THE TASK: When writing out the entries below, keep only the lines from the line with "2 Photograph of" to the line with "Abstract grunge grid", both included, exactly as they are, and leave the pictures aside.

SOURCE MATERIAL:
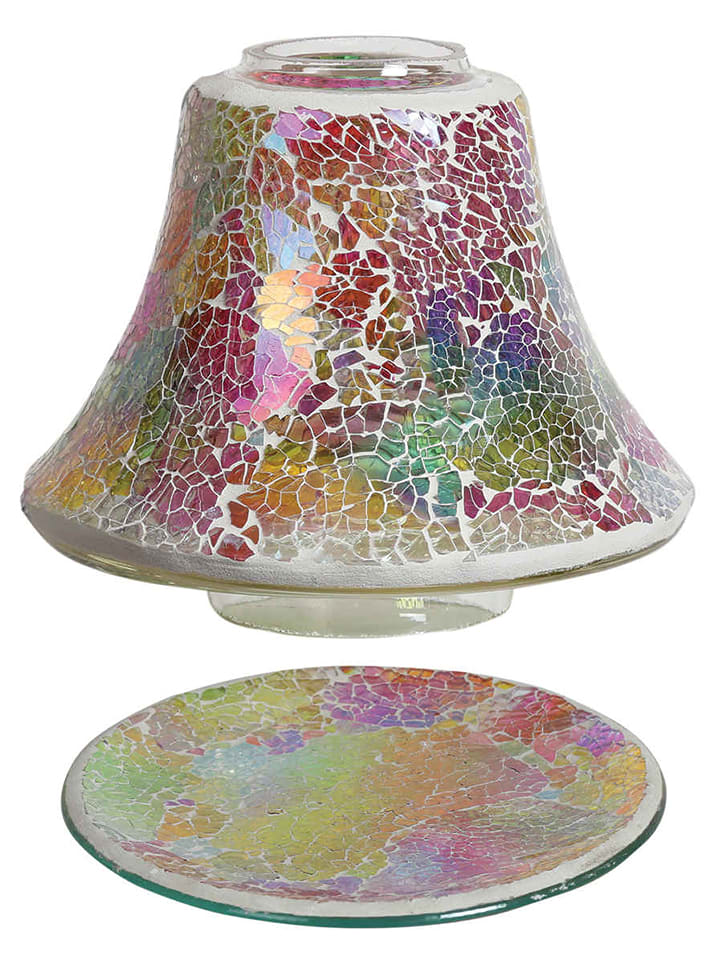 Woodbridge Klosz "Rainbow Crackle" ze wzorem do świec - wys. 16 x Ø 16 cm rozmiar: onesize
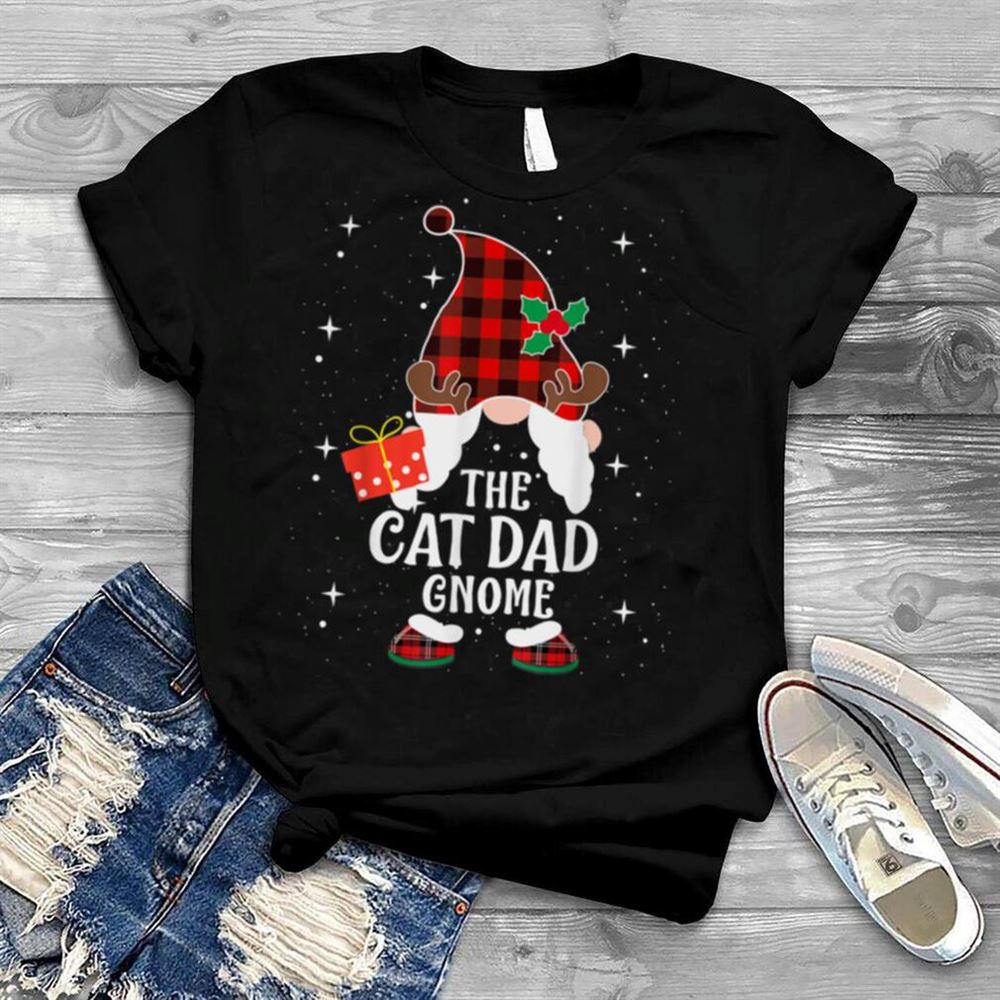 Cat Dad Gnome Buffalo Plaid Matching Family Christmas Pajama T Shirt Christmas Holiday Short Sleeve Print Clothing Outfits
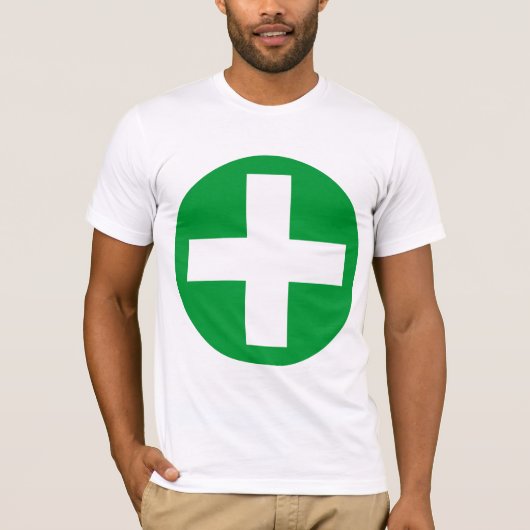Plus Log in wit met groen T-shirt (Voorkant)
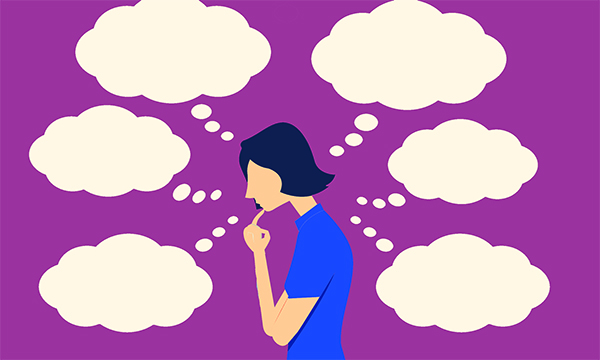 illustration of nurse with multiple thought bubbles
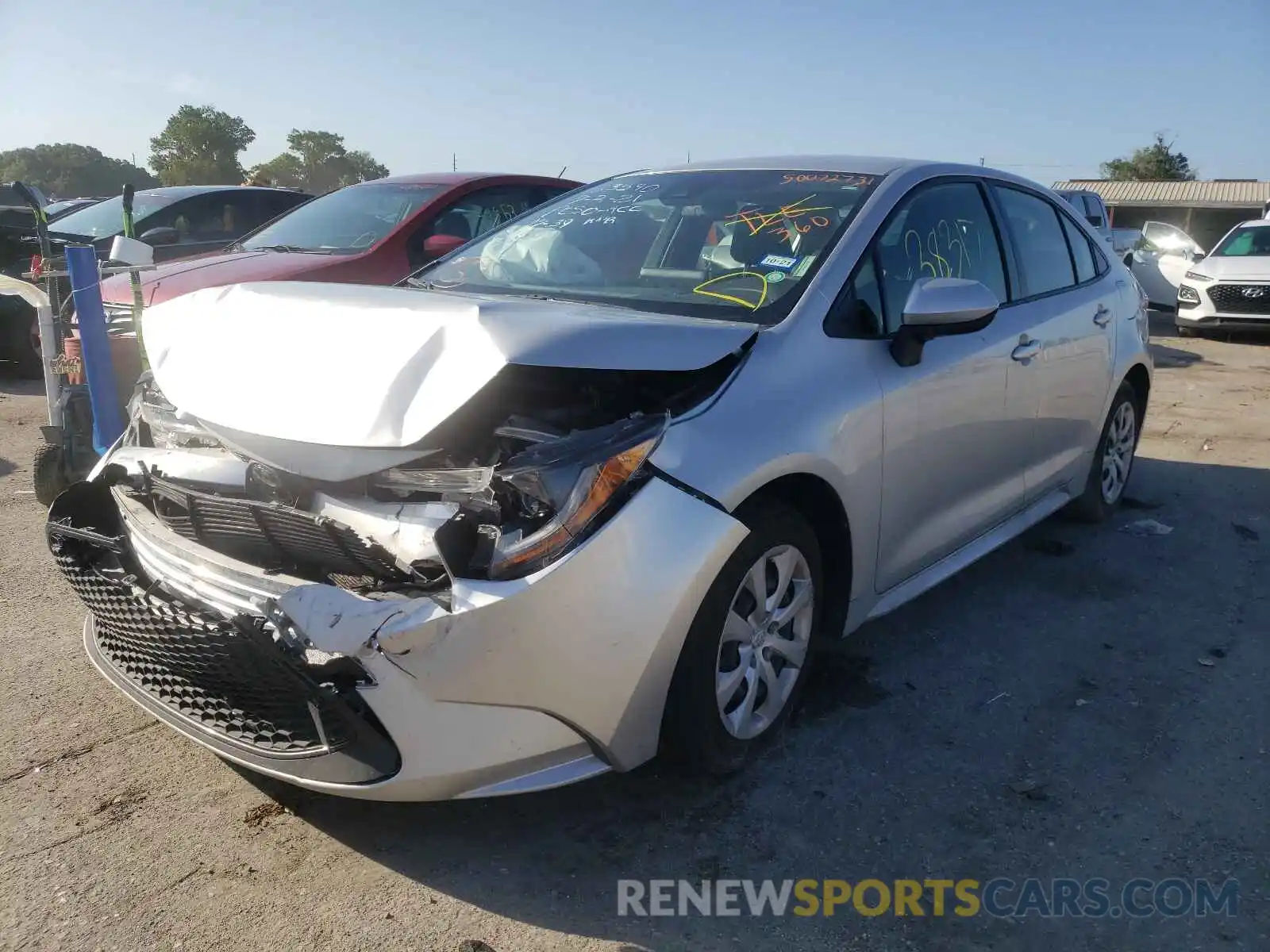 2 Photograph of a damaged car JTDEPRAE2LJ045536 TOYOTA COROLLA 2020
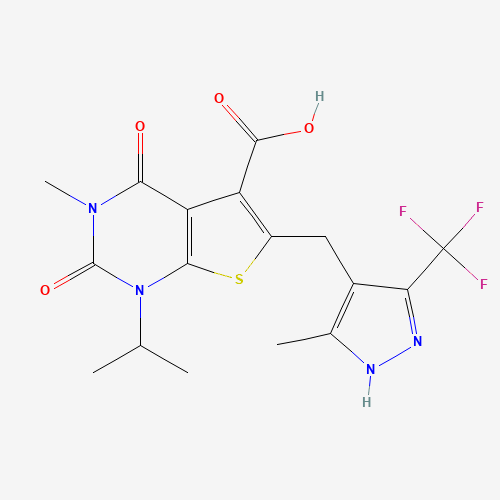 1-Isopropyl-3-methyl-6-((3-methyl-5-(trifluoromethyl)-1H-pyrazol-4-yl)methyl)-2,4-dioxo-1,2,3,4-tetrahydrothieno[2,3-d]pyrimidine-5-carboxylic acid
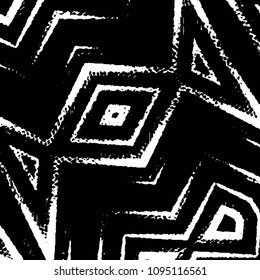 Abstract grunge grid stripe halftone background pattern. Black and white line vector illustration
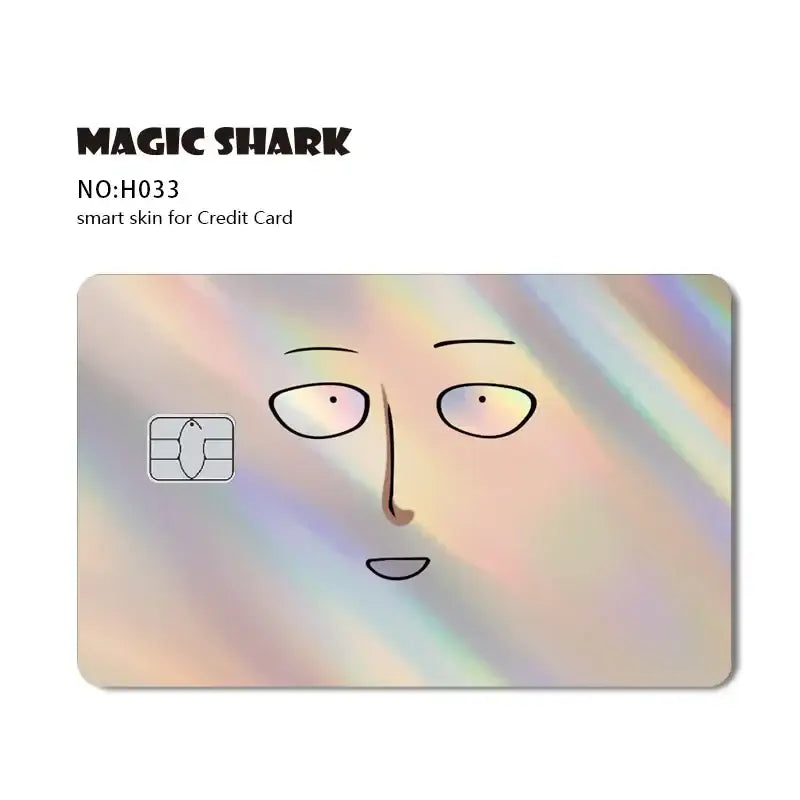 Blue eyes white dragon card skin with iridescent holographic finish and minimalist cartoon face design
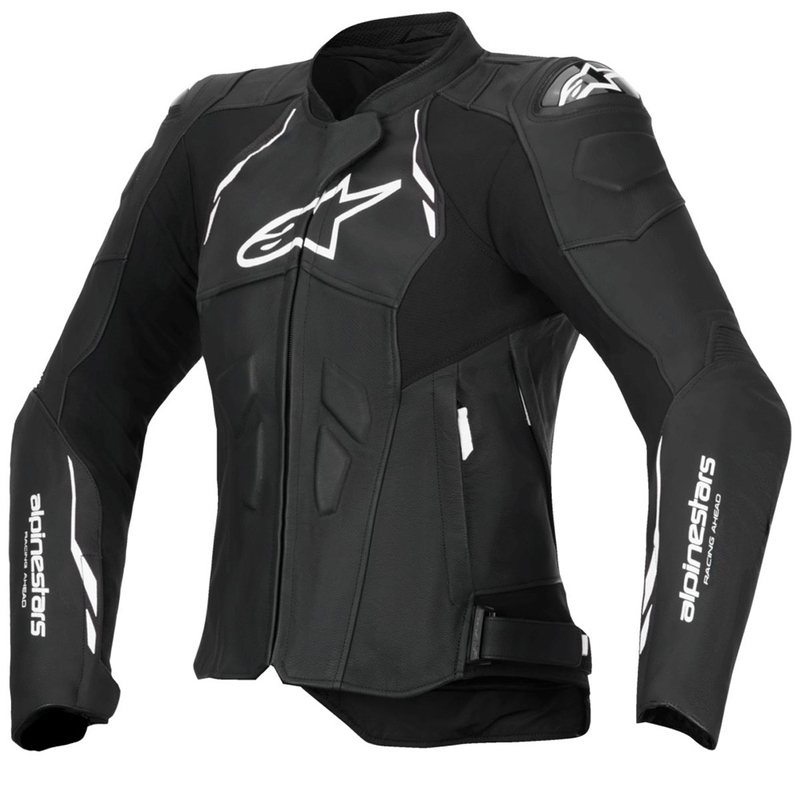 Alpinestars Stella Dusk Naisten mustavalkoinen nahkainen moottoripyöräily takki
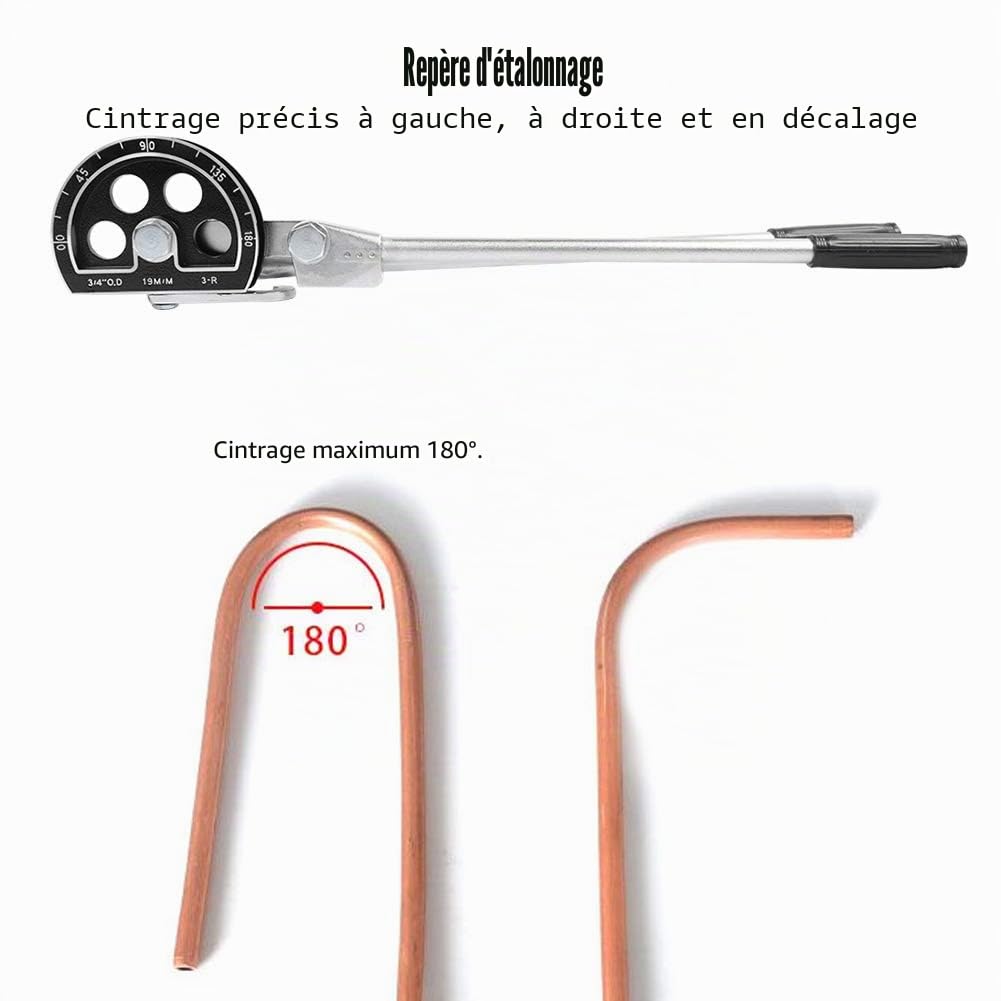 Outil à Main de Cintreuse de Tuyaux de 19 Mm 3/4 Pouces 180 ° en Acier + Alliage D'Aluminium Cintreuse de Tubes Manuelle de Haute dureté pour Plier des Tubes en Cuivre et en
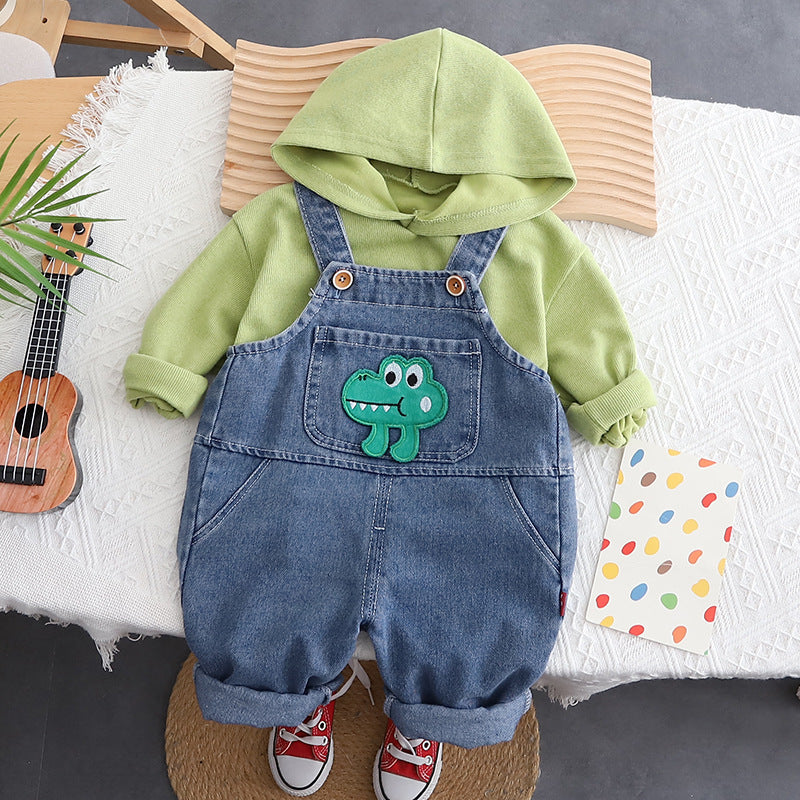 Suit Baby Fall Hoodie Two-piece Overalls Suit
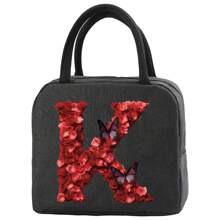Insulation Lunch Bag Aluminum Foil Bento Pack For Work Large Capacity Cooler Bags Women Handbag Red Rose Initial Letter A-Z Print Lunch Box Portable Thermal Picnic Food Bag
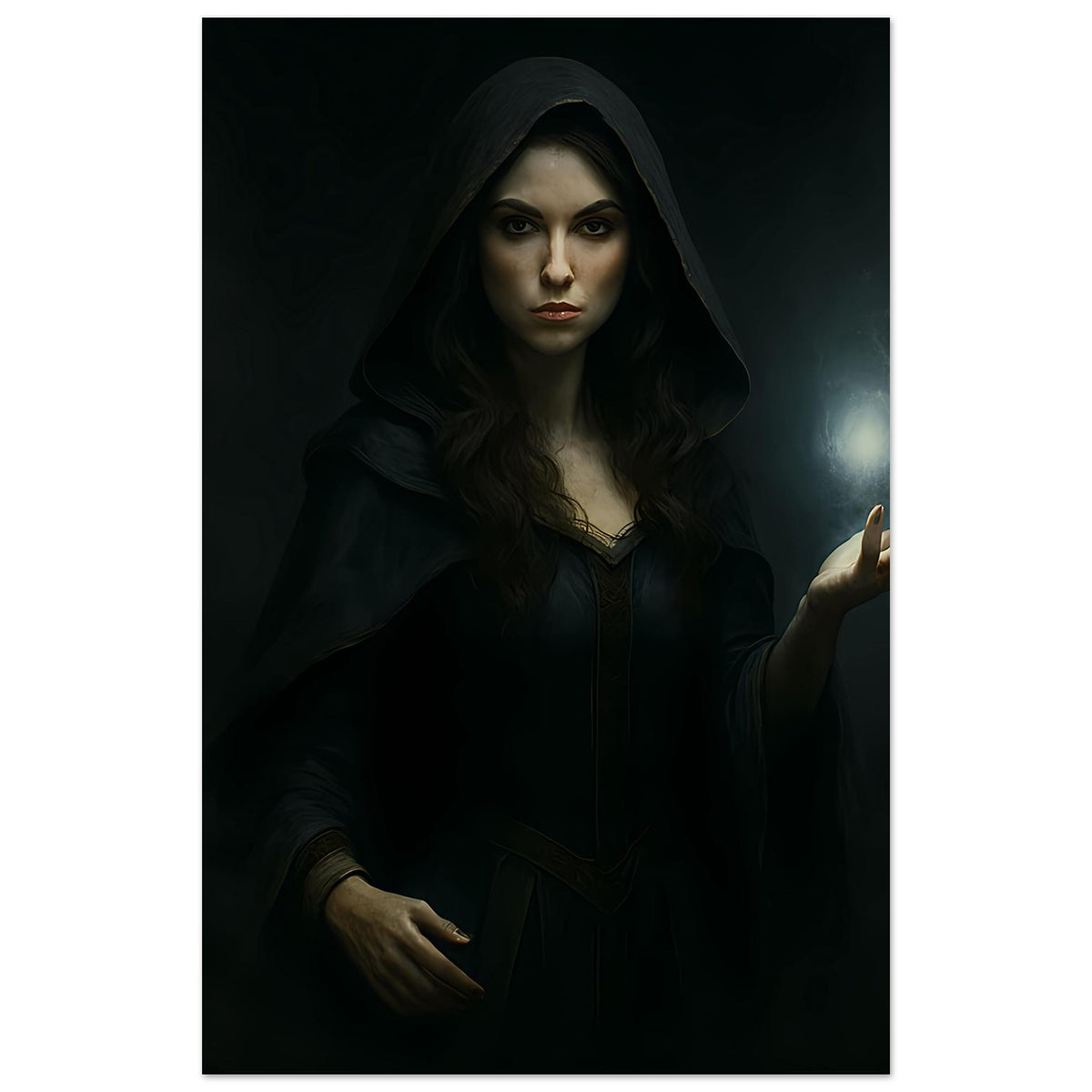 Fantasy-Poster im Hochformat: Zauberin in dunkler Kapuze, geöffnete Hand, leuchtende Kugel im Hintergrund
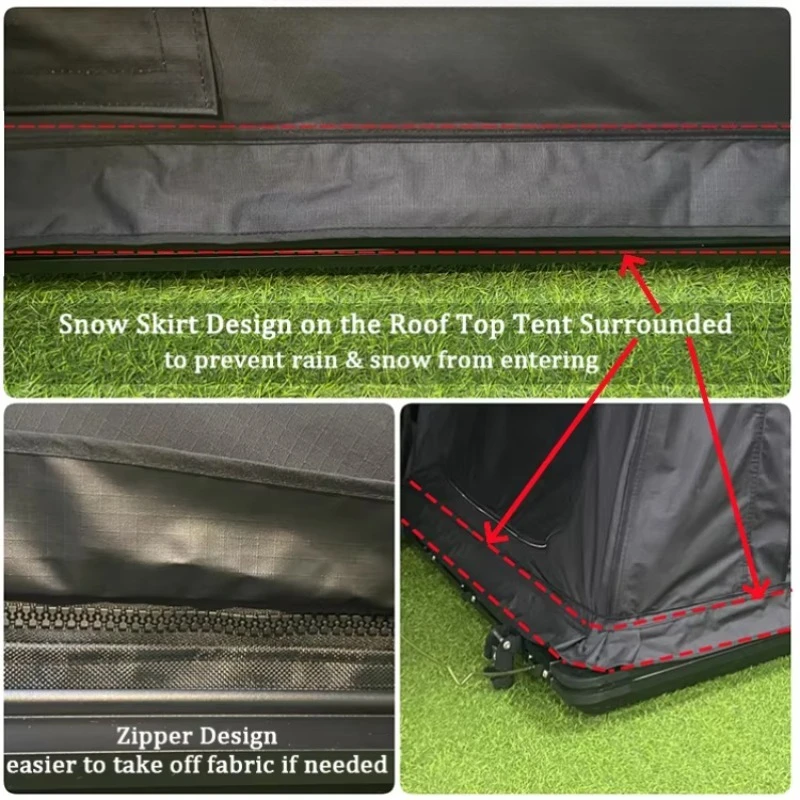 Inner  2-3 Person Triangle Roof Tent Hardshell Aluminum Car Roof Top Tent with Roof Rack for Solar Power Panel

RESPONSE TO THE TASK:
 2 Photograph of a damaged car JTDEPRAE2LJ045536 TOYOTA COROLLA 2020
 1-Isopropyl-3-methyl-6-((3-methyl-5-(trifluoromethyl)-1H-pyrazol-4-yl)methyl)-2,4-dioxo-1,2,3,4-tetrahydrothieno[2,3-d]pyrimidine-5-carboxylic acid
 Abstract grunge grid stripe halftone background pattern. Black and white line vector illustration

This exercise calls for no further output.